- Opening Delimiter -
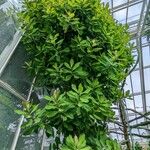 Euphorbia umbellata Хабит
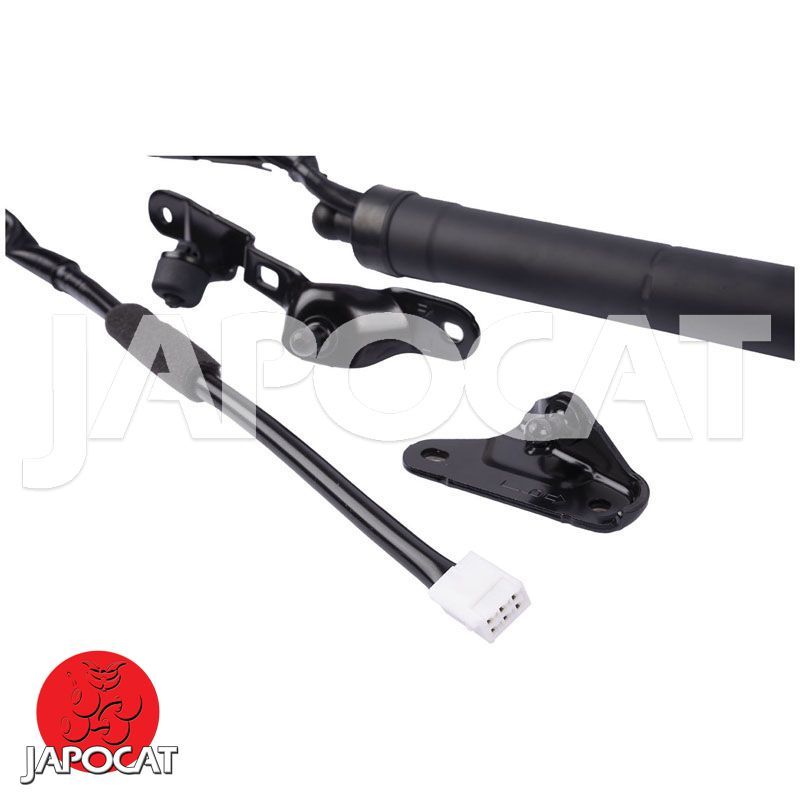 VERIN à GAZ [Origine Constructeur]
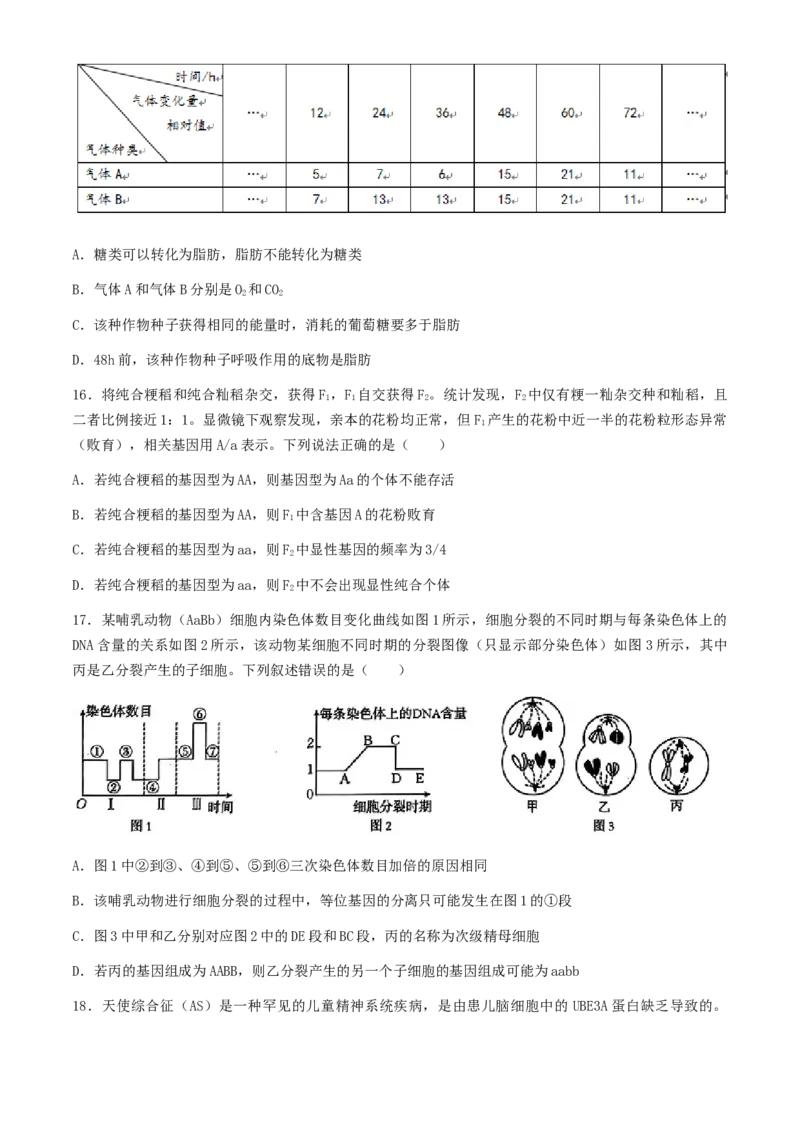 2025届河北金太阳高三10月联考生物学试题（含答案）_A1502026各地模拟卷（超值！）_10月_2410252025届河北金太阳高三10月联考（25-83C）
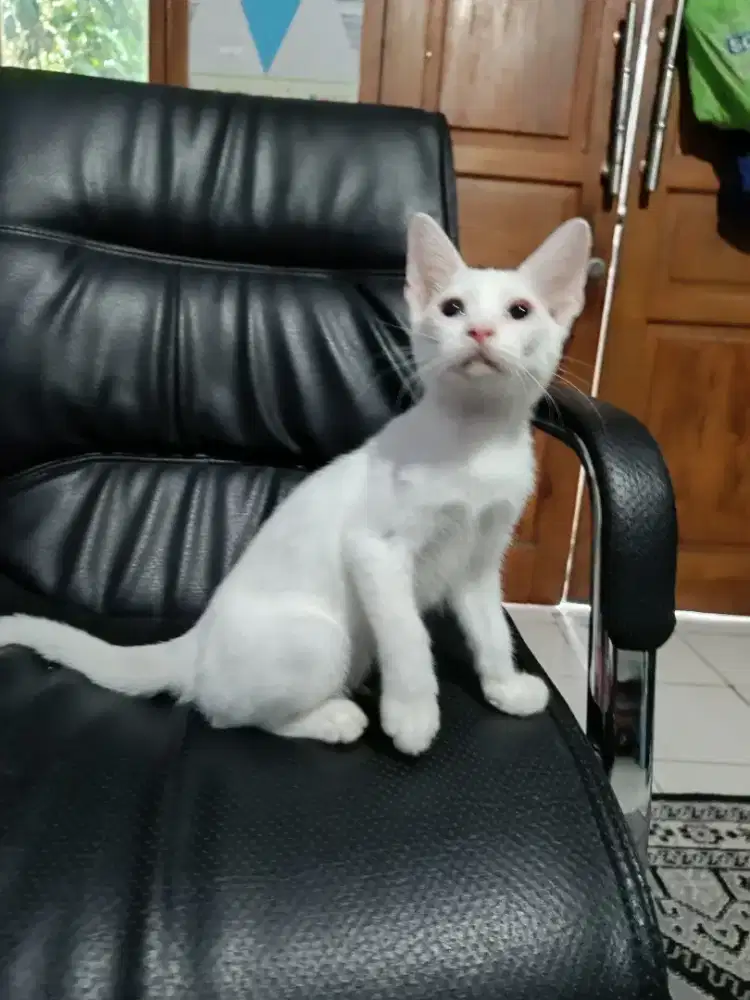 Kitten Persia Munchkin Ns Putih Betina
- Closing Delimiter -
* [Work task]: Please copy, exactly and only, the lines of the listing that run from the one holding "VERIN à GAZ [Origine Constructeur]" through its last line, and exclude pictures.

* [Output of the exercise]:
 VERIN à GAZ [Origine Constructeur]
 2025届河北金太阳高三10月联考生物学试题（含答案）_A1502026各地模拟卷（超值！）_10月_2410252025届河北金太阳高三10月联考（25-83C）
 Kitten Persia Munchkin Ns Putih Betina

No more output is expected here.